Work item
Copy, exactly and without additions, every line in the records below from the one holding "Superhero...Anesthesiologist - Toddler" through the one holding "Seventeen Rock with you", both ends included.

Records for processing
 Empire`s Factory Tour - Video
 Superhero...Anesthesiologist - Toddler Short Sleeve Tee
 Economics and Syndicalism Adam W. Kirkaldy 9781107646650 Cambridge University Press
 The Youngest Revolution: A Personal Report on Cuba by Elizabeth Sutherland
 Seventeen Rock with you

==

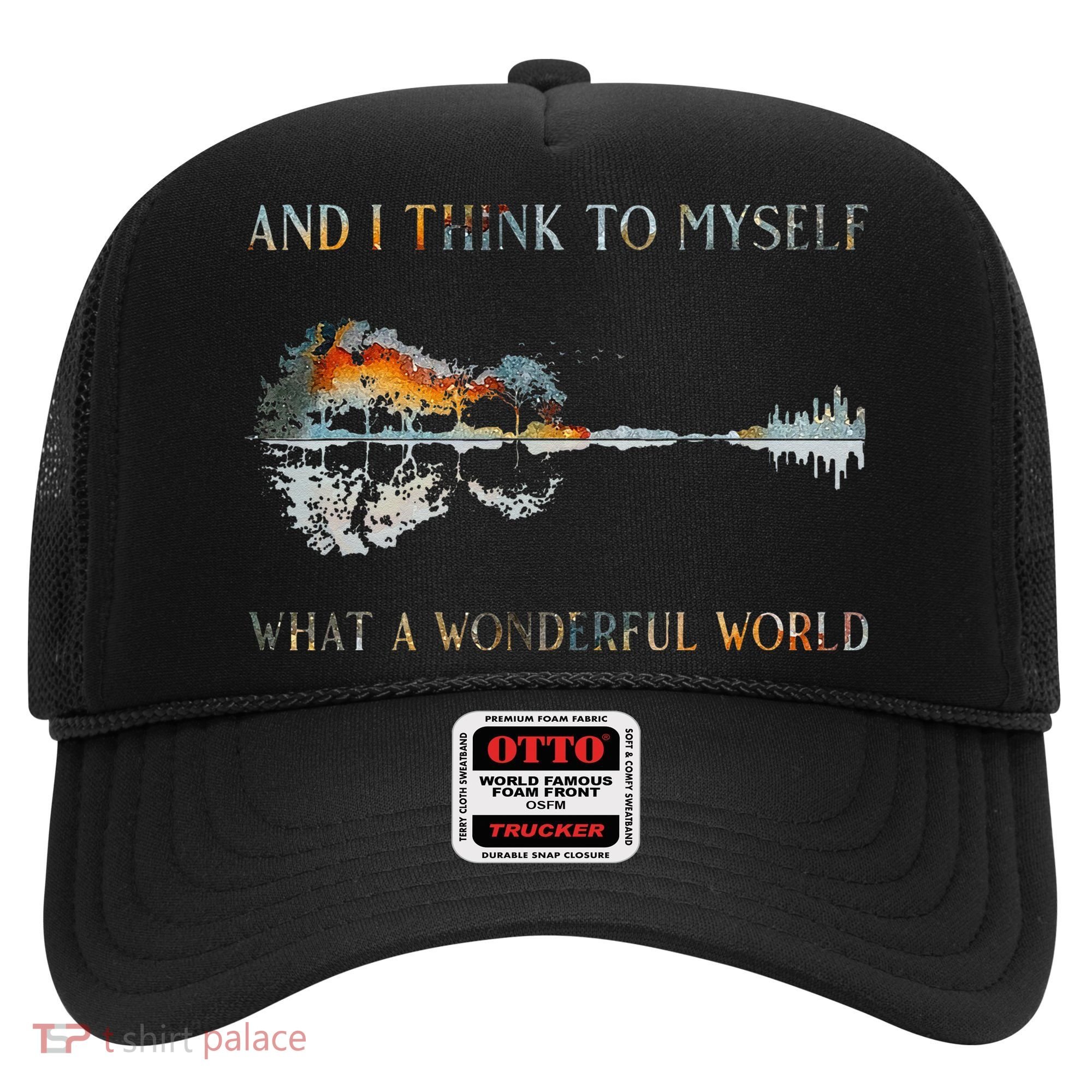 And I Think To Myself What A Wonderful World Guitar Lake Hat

Answer for this exercise
 Superhero...Anesthesiologist - Toddler Short Sleeve Tee
 Economics and Syndicalism Adam W. Kirkaldy 9781107646650 Cambridge University Press
 The Youngest Revolution: A Personal Report on Cuba by Elizabeth Sutherland
 Seventeen Rock with you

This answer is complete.